• [WHAT THIS TASK INVOLVES]: Look through the listing below and write out exactly the lines from the line with "Additional Playable Mobile" to the line with "Singer Lata Mangeshkar. (File Photo: IANS)", both included, and no others.

• [RECORDS FOR THIS TASK]:
>>

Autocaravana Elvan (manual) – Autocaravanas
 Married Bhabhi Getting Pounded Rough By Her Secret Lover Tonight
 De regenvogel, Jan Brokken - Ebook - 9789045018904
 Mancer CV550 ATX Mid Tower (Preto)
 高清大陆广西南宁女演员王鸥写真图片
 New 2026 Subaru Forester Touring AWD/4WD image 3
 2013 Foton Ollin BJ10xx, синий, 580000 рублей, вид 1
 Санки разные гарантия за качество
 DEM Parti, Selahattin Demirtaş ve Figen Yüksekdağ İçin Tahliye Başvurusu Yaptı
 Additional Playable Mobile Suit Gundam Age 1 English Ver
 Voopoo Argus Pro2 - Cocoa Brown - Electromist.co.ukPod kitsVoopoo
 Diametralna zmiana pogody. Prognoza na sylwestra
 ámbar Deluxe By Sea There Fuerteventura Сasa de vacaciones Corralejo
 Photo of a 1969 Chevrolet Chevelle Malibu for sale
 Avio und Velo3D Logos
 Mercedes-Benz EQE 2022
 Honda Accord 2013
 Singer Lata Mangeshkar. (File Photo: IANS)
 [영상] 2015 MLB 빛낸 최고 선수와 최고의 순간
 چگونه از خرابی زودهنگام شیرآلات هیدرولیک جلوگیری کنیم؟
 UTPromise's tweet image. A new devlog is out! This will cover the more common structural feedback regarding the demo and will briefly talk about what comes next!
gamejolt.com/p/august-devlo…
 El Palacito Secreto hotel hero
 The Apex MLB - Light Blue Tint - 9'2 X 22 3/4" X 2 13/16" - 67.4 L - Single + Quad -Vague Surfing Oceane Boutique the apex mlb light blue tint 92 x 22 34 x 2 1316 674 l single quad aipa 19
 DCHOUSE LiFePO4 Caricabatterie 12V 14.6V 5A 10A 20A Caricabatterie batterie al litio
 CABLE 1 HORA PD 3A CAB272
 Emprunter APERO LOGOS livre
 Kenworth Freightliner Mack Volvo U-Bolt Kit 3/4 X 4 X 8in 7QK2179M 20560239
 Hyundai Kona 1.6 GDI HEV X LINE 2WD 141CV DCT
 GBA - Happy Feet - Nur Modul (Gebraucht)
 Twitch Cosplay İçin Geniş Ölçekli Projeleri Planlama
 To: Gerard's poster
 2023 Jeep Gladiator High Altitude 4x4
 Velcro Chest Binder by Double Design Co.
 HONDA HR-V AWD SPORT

<<

• [ANSWER TO THIS EXERCISE]:
 Additional Playable Mobile Suit Gundam Age 1 English Ver
 Voopoo Argus Pro2 - Cocoa Brown - Electromist.co.ukPod kitsVoopoo
 Diametralna zmiana pogody. Prognoza na sylwestra
 ámbar Deluxe By Sea There Fuerteventura Сasa de vacaciones Corralejo
 Photo of a 1969 Chevrolet Chevelle Malibu for sale
 Avio und Velo3D Logos
 Mercedes-Benz EQE 2022
 Honda Accord 2013
 Singer Lata Mangeshkar. (File Photo: IANS)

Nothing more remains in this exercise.